It's Not Easy Being Green, yet Two California Charters are Named US Green Ribbon Schools
April 30, 2013
According to a news release from the California Department of Education (CDE), "Honored schools exercise a comprehensive approach to creating 'green' environments through reducing environmental impact, promoting health, and ensuring a high-quality environmental and outdoor education to prepare students with the 21st century skills and sustainability concepts needed in the growing global economy."
"I am proud of these schools and districts for earning their green ribbons by reducing environmental impacts while increasing awareness of the fragile world we live in," Torlakson said. "Students who have had the chance to improve the air, or grow a vegetable, or capture the rain will never look at the world the same way again.

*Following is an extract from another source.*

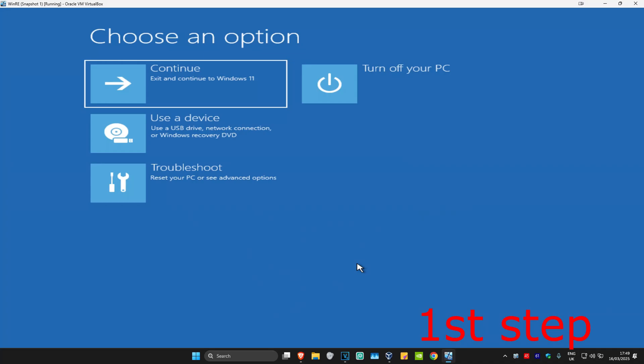For the first step, you want to get into this screen. To get here, you want to turn off your computer from the power button and then turn it back on again. As soon as it turns on, you want to turn it off again and then turn it back on again. You want to repeat this 3 times. Then on the 4th time when you turn your computer on again, it will take you into this screen.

I hope all California students get this chance to learn how to protect the Earth and all those who live here."
Journey School, Aliso Viejo, Orange County
Philosophy: Learning is balanced in three realms to enable each child to fully develop physical will and artistic sensibility alongside intellectual capacity.

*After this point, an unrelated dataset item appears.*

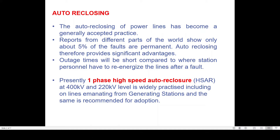Generally, different types of autoreclosure schemes are available. These include single phase single shot autoreclosure, and single phase multi shot autoreclosures which are generally implemented for transmission lines passing through densely forested areas where the chances of transient faults are higher compared to transmission lines passing through plain areas.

A school founded with ecological goals in mind
Journey's eco-literacy curriculum is integrated into the master teaching schedule to ensure students are exposed to age-appropriate ecological principles and practices in each grade. Eighth graders complete eco-leadership projects where they implement environmental projects that benefit the school campus and local community. Journey maintains five school gardens, harvests rainwater, and composts on-site. Students enjoy zero emission field trips, walking or biking to their destinations.(CDE news release)
Redding School of the Arts (RSA), Shasta County
Philosophy: When it comes to young minds, art enriches, expands and prepares them for a full life in useful and unexpected ways.
Raising the bar for innovative and sustainable design
RSA is the first campus worldwide to be certified LEED for Schools 2009 Platinum. The school design includes solar power generation, solar water heaters, and a wind turbine; 58 percent of the school's energy is obtained from on-site renewable sources. RSA is a pilot school for CalEPA's Education and the Environment Initiative curriculum and received a 2012 Design Excellence Award from the American Institute of Architects for innovation in design blending indoor and outdoor learning spaces. An underground water storage tank reroutes rainwater harvested from the roof structure to provide 100 percent of grounds irrigation.(CDE news release)
Torlakson's Schools of the Future Task Force joined educational, environmental, business, and community leaders to encourage the use of renewable energy sources and other sound environmental practices at schools across California.
According the the CDE, The California Department of Education reviewed each application for the program based on schools' demonstrated progress toward reaching the goals of the U.S. Department of Education's Three Green Ribbon School Pillars: Pillar I: Reduce environmental impact and costs; Pillar II: Improve the health and wellness of schools, students, and staff; and Pillar III: Provide effective environmental and sustainability literacy, incorporating science, technology, engineering, and mathematics education (STEM), civic skills, and green career pathways.